Impact of Disease-Modifying Treatments (DMTs) on Pregnancy
Currently, there are over a dozen Federal Drug Administration (FDA) approved DMTs for MS in the US. These range from moderately to highly effective, each with unique potential adverse effects with regard to pregnancy and variable recommendations for stopping prior to attempts at conception due to mechanisms of action. Given the risk of unplanned pregnancy in the general population, discussions regarding choice of a DMT must be done in parallel with family planning discussions with both women and men with MS.
Pregnancy planning discussions should ideally start at least 6 months before attempts at conception so neurologic assessment of stability and specific recommendations for stopping DMTs can be made based on known risk guidelines. Previously, no DMTs were felt to be safe during pregnancy, based on FDA pregnancy and lactation risk designations. These include A): no evidence of fetal harm in human studies; B): no evidence of fetal harm in animal studies; C): evidence of fetal harm in animal studies or no data available; D): evidence of fetal harm in humans; and X): evidence of fetal harm in humans; not indicated for use in pregnancy.
Fortunately, at least one DMT is considered pregnancy category B (glatiramer acetate), and in fact the European Committee for Treatment and Research in MS (ECTRIMS) guidelines recommend use of glatiramer acetate (GA) or Interferon 1b until pregnancy is confirmed. Additionally, all of the FDA approved DMTs maintain pregnancy registries, and data is available for review.

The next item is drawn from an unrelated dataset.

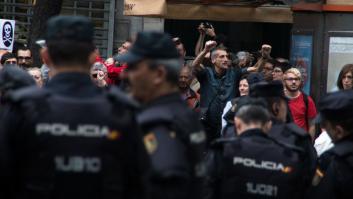 Cientos de personas protestan ante la sede del PP con una cacerolada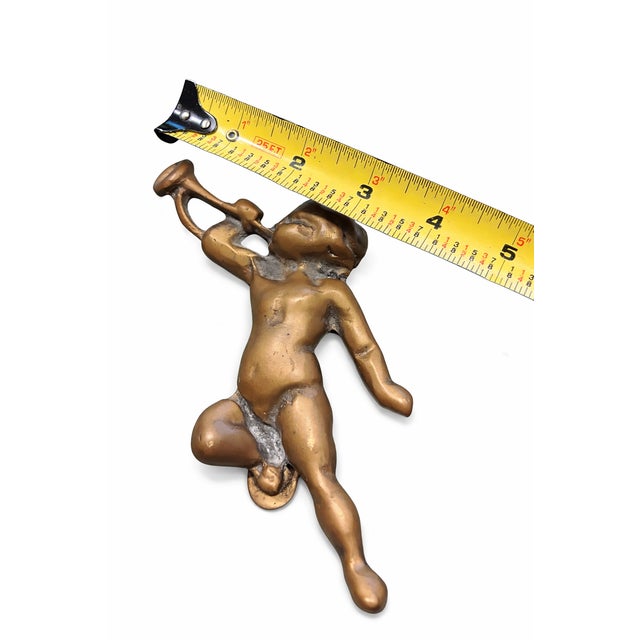 1960s Vintage English Brass Cherub Door Knocker With Aged Patina For Sale - Image 5 of 5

There are recent reports of MS relapses occurring during pregnancy after stopping highly-effective MS DMTs, such as fingolimod and natalizumab, adding to the complexity of making the right individual decision about DMT selection. Ultimately, the decision of which DMT to start, and then to either stop a DMT or continue throughout pregnancy, needs to be made based on considerations of how active MS is in any particular individual in the context of risk vs benefit, both to mother and baby.
Having an appropriate vitamin D level likely reduces the risk of MS relapses in mothers with MS and the risk of developing MS in their offspring. A recent study showed that offspring of mothers with low vitamin D levels during their pregnancy had an increased risk of developing MS compared with children born to mothers with non-deficient levels.
Breast-Feeding and Post-Partum Considerations
Typically, the benefits of pregnancy with regard to the lower MS relapse rate rapidly diminishes postpartum, with risk of MS relapse peaking at around 3-6 months after delivery. There is not sufficient consistent evidence currently that supports not resuming DMT in that time frame in women with MS, particularly those with very active disease. Additionally, the FDA recommends not using a DMT while breast feeding (see lactmed.org). Since DMTs are variable in how quickly a therapeutic benefit occurs after resuming these medications, people with MS and physicians should be prepared early by discussing how and when to restart medications before delivery.
Often, an MRI will help guide these discussions because MRI can provide information about how active MS disease is post-partum. Since gadolinium is contraindicated during pregnancy and lactation, non-contrast studies can be done. If a contrast study is desired post-partum, during lactation, women with MS need to “pump and waste” their breast milk for 24 hours after gadolinium exposure, to reduce any risk to the infant, although only a small amount of gadolinium would be measurable in breast milk. Timing of post-partum MRI should be based on clinical status of the mother, as well as breast-feeding and family planning goals, but would be urgently indicated if an acute relapse occurs.